**TASK BRIEF:** Of all the lines below, output only those starting at the one with "Bathroom featuring tile" and ending at the one with "Young Asian Francine", both ends included, exactly as written.

--- EXERCISE MATERIAL ---

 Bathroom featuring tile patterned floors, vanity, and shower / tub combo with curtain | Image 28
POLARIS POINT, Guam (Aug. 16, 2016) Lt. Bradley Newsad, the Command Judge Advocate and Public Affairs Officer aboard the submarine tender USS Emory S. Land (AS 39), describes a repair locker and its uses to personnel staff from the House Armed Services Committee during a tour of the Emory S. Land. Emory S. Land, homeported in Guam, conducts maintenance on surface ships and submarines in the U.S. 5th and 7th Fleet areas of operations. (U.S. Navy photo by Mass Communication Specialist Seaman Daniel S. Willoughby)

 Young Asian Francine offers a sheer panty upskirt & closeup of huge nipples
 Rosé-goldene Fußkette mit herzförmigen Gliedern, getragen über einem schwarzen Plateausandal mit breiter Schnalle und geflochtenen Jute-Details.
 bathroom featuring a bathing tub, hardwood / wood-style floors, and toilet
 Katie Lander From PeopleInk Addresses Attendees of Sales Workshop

---
--- EXERCISE MATERIAL ---

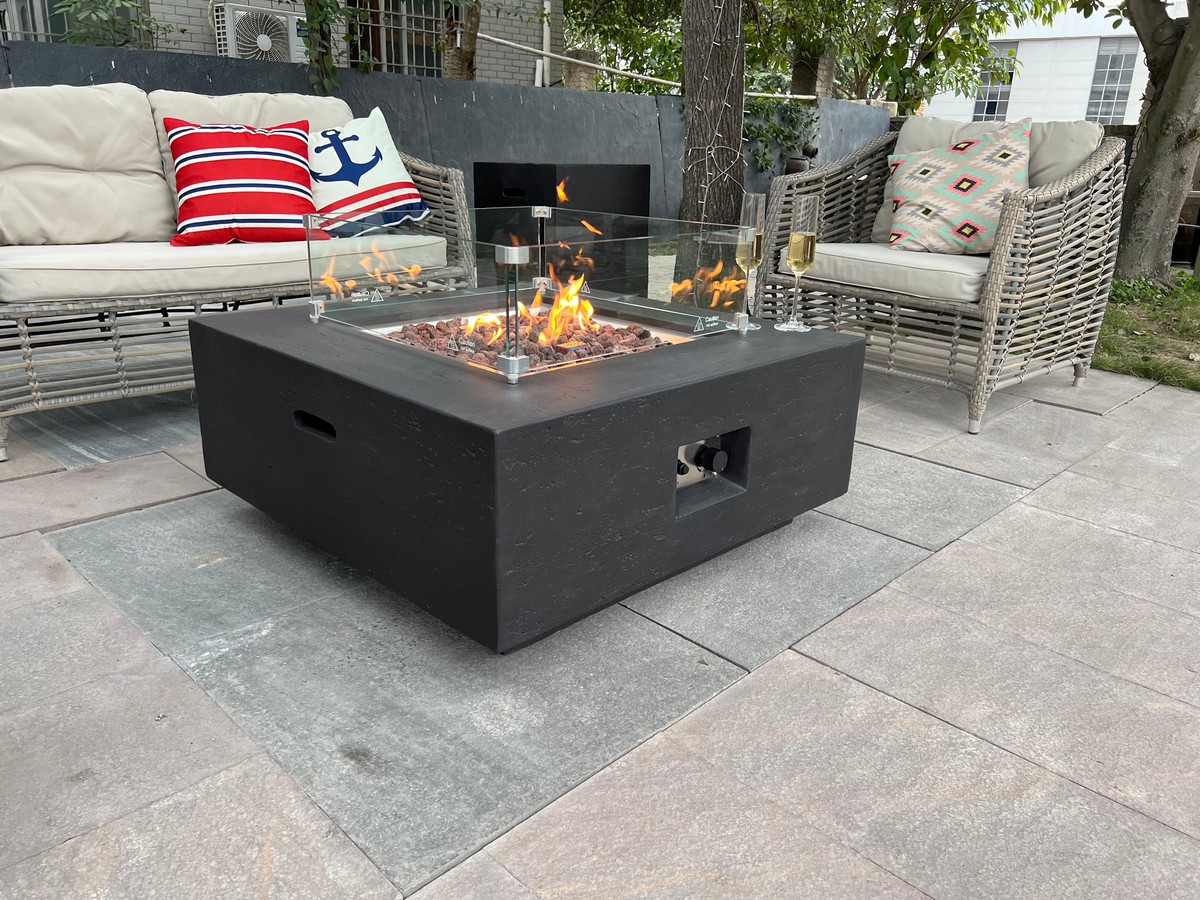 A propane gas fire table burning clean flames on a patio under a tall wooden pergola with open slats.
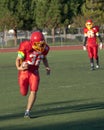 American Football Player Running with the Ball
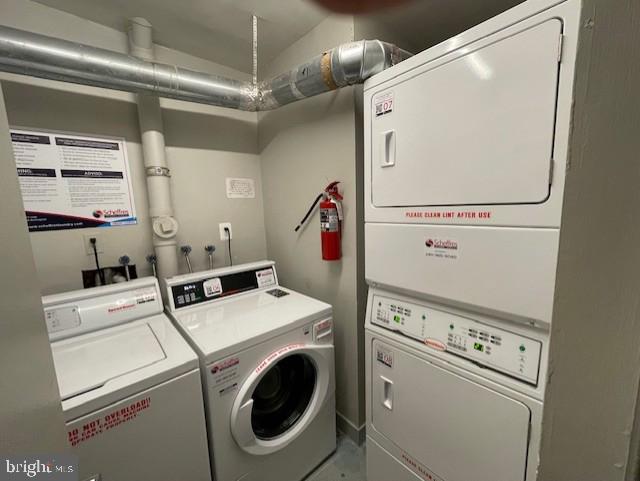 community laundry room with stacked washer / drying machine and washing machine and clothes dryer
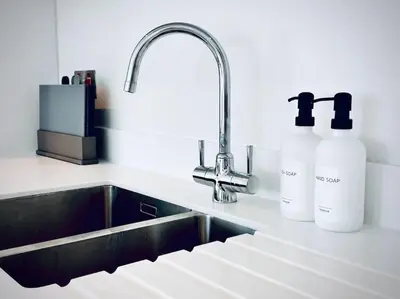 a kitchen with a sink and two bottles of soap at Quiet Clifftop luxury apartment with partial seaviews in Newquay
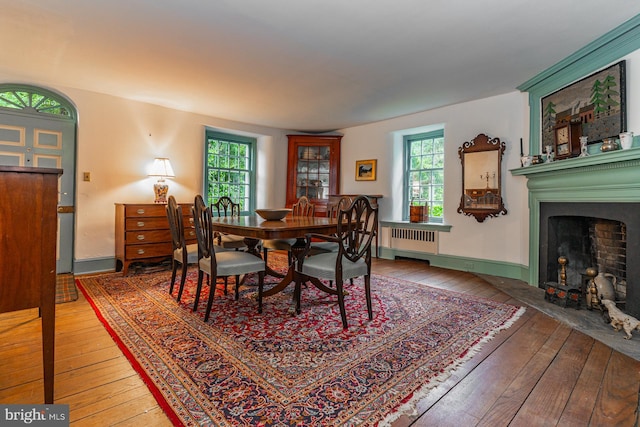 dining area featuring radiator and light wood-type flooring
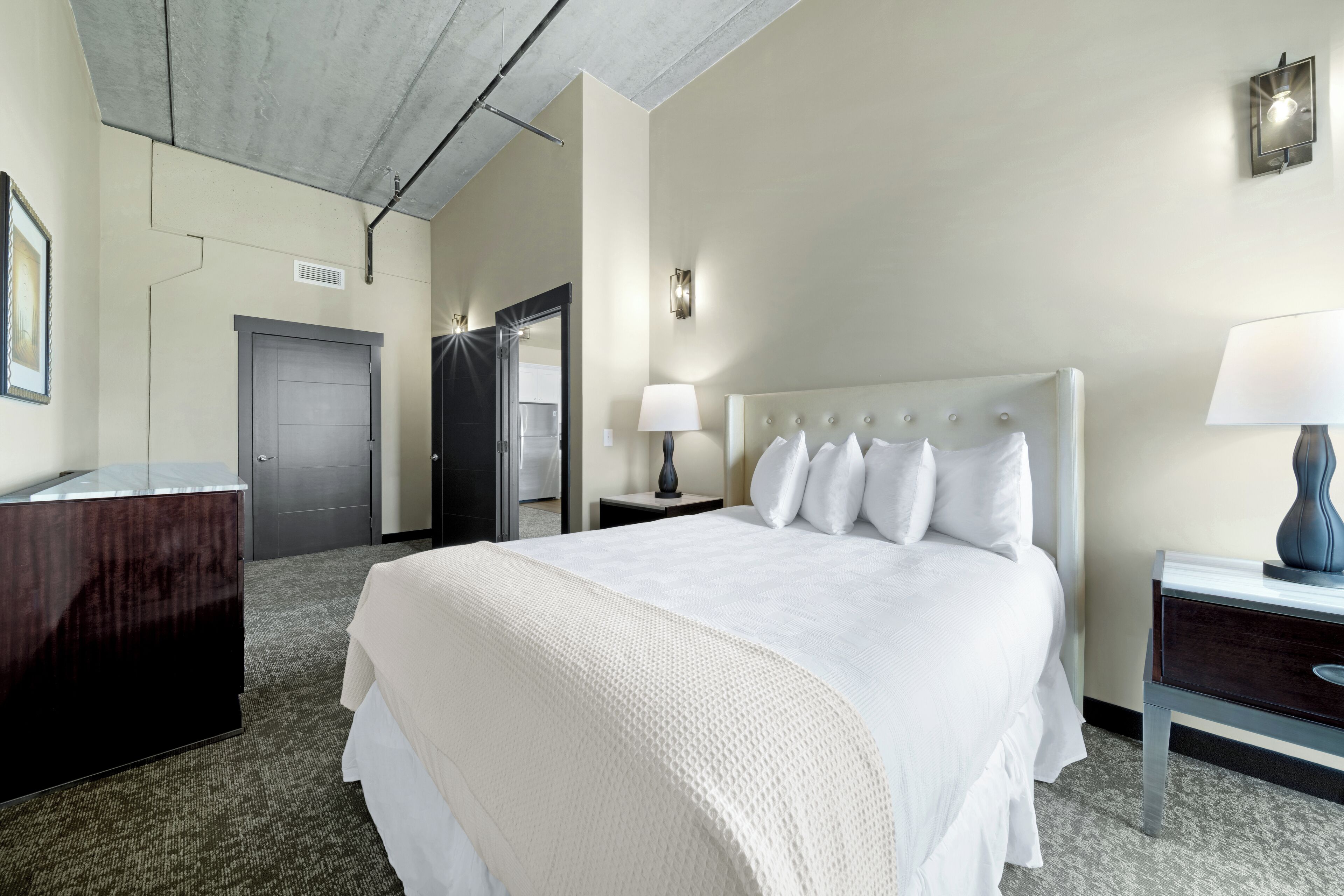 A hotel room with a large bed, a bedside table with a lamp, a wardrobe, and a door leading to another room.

---
--- EXERCISE MATERIAL ---

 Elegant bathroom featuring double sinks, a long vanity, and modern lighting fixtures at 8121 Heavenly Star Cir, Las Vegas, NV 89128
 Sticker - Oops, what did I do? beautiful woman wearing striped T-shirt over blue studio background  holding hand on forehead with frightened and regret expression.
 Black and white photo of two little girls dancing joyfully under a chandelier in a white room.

---

**EXERCISE RESPONSE:**
 Bathroom featuring tile patterned floors, vanity, and shower / tub combo with curtain | Image 28
POLARIS POINT, Guam (Aug. 16, 2016) Lt. Bradley Newsad, the Command Judge Advocate and Public Affairs Officer aboard the submarine tender USS Emory S. Land (AS 39), describes a repair locker and its uses to personnel staff from the House Armed Services Committee during a tour of the Emory S. Land. Emory S. Land, homeported in Guam, conducts maintenance on surface ships and submarines in the U.S. 5th and 7th Fleet areas of operations. (U.S. Navy photo by Mass Communication Specialist Seaman Daniel S. Willoughby)

 Young Asian Francine offers a sheer panty upskirt & closeup of huge nipples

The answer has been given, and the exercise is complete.